Lawmakers in Maine are considering a bill to compensate farmers for the widespread use of state-sanctioned PFAS, or "forever chemicals" on their land. The chemicals are a byproduct of sewage processing once used as fertilizer and have caused irreversible damage to soil and water resources on at least 50 farms in the state.

Heather Spalding, deputy director of the Maine Organic Farmers and Gardeners Association, said while struggling farmers deserve help, the bill may be getting ahead of a special state fund already set up to identify the extent of the problem.

"We just really want to support this PFAS Fund Advisory Committee and let them do their work," she said. "They're working incredibly hard to figure out where the funds need to go."

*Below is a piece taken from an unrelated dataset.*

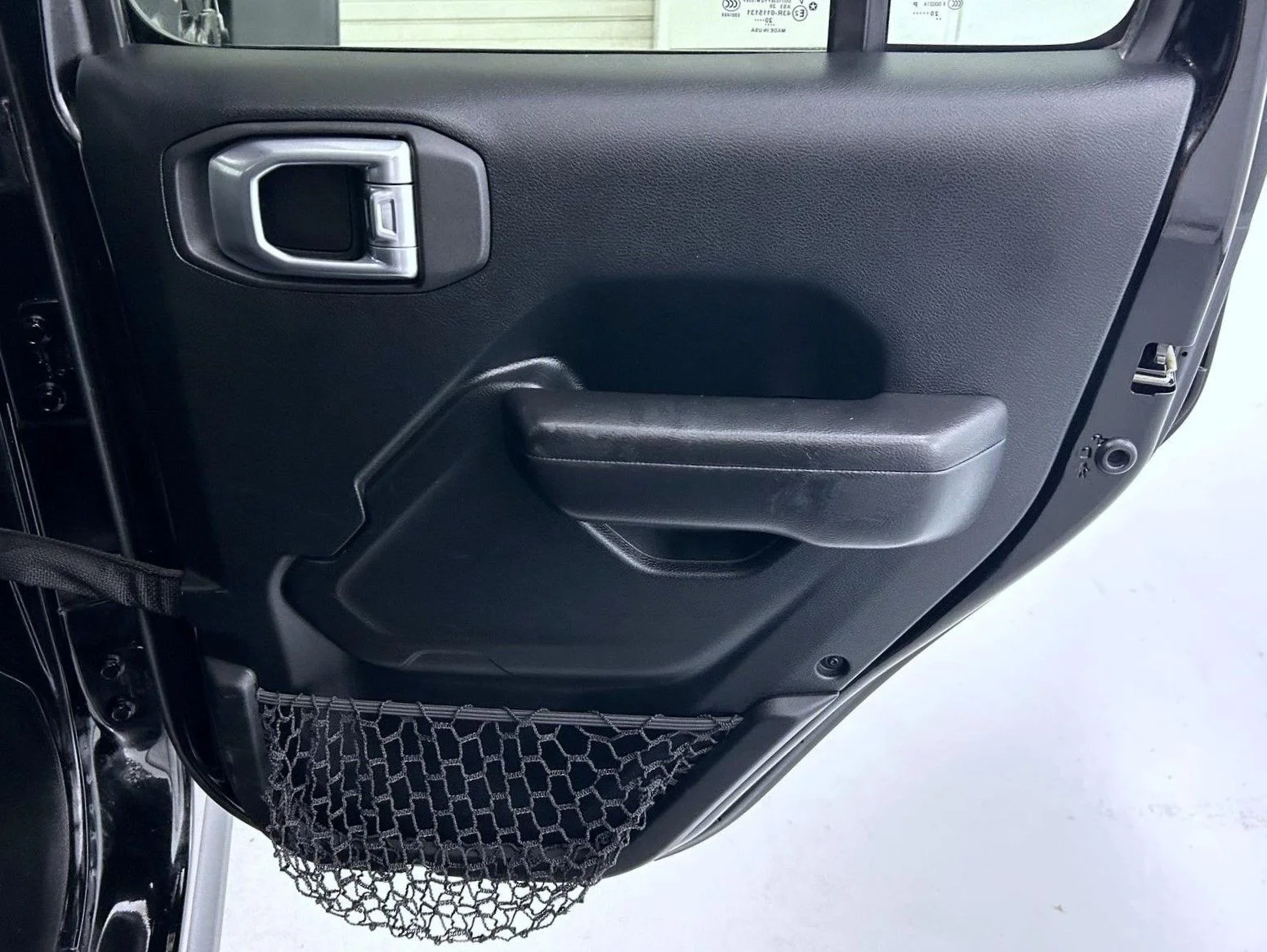 Used 2021 Black Jeep Unlimited Rubicon image 17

While the majority of farmland is not contaminated, hundreds of farms still require further testing, Spalding said.

Maine became the first state in the nation last year to ban the land application of PFAS sludge. Governor Janet Mills set aside $60-million to help farmers recoup lost income, pay for any needed health monitoring and set up a buyout program.

The current legislation would put a specific dollar amount on Maine farmland into a statute that she's reluctant to support, Spalding added.

"The goal is not just to buy up all the land and put farmers out of business. The goal is to work with farmers and make sure they can keep producing," she said.

Spalding added a lack of federal standards related to PFAS limits in food and water does not help. The governor's PFAS committee is expected to release its report in March and Spalding said funds could start to reach farmers this summer.